One of the most intricately-detailed, vibrantly-coloured and legible versions of the subject ever to come up at auction, the present work is a particularly accomplished portrait of Frank Auerbach’s first long-standing sitter and muse, Estella (or Stella) Olive West. Best known as E.O.W. in his artistic output, she appeared in more than eighty paintings over the years. Painted in 1971, the present work is one of the very last portraits by Auerbach of his iconic early model. 

The young widowed actress and the 16-year old artist first met in 1947 while working together on a production at the Unity Theatre. Stella, a mother of three, was scraping by running a boarding house in Earl’s Court, where the young Auerbach would live shortly thereafter. In spite of the age difference, the attraction was instantaneous and mutual, and Stella West quickly became the painter’s lover and main subject. Sessions for the young Auerbach were already extremely demanding at the time - and, as Stella recalls, his practice was “very violent and quite in a world of his own; quite frightening in the beginning” (Estella West quoted in William Feaver, Frank Auerbach, New York 2009, p. 11). 
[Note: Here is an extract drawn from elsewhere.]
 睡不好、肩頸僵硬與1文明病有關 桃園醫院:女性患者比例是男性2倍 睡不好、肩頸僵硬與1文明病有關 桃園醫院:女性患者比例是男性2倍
As she sat for him for endless sessions, several times a week, even after he married Julia Wolstenholme in 1958, Stella West’s unshakable sense of commitment undoubtedly helped Auerbach develop his aesthetic eye by allowing him to put her features under such strict, almost brutal scrutiny year after year. “If anyone, early on, helped him manage his sense of the world, it was Stella West. This would have a deep effect on his art. His need for stability within the threatening flux of experience would be absorbed, through E.O.W.’s constant presence as a subject, into the very marrow of his painting and projected on his habits of work” (Robert Hughes, Frank Auerbach, London 1990, p. 90). Indeed, the shift from the dense, angular sweeps of buttery pigment present in the early E.O.W. paintings to the increasingly fluid and dynamic works from his later years testifies of the importance of the artistic dialogue between model and painter. With its wonderfully delicate outlines rendered in soothing blues and pristine whites, Portrait of E.O.W. is the result of the years of methodical effort, routine scrutiny and incessant repetition necessary to reach such a level of trust and familiarity. As Catherine Lampert, another of Auerbach’s long-standing sitters, recalls: “Between 1961 and 1973 the paintings of Stella move through a process of what psychologists (and art historians) call displacement. The liquidity of the paint is at the centre of something almost alchemical in its ability to express feeling […] The brush strokes, in contrast to mass, manage to convert us, almost like a stigmatism to truth. Rembrandt and Titian’s late tonal paintings guided him, yet he began to act in a modern idiom, open to pungent attacks on our nerves as well as our acceptance of ‘disorder’” (Catherine Lampert, “Auerbach and his Sitters” in Exhibition Catalogue, London, Royal Academy of Art, Frank Auerbach: Paintings and Drawings 1952-2001, 2001, p. 25).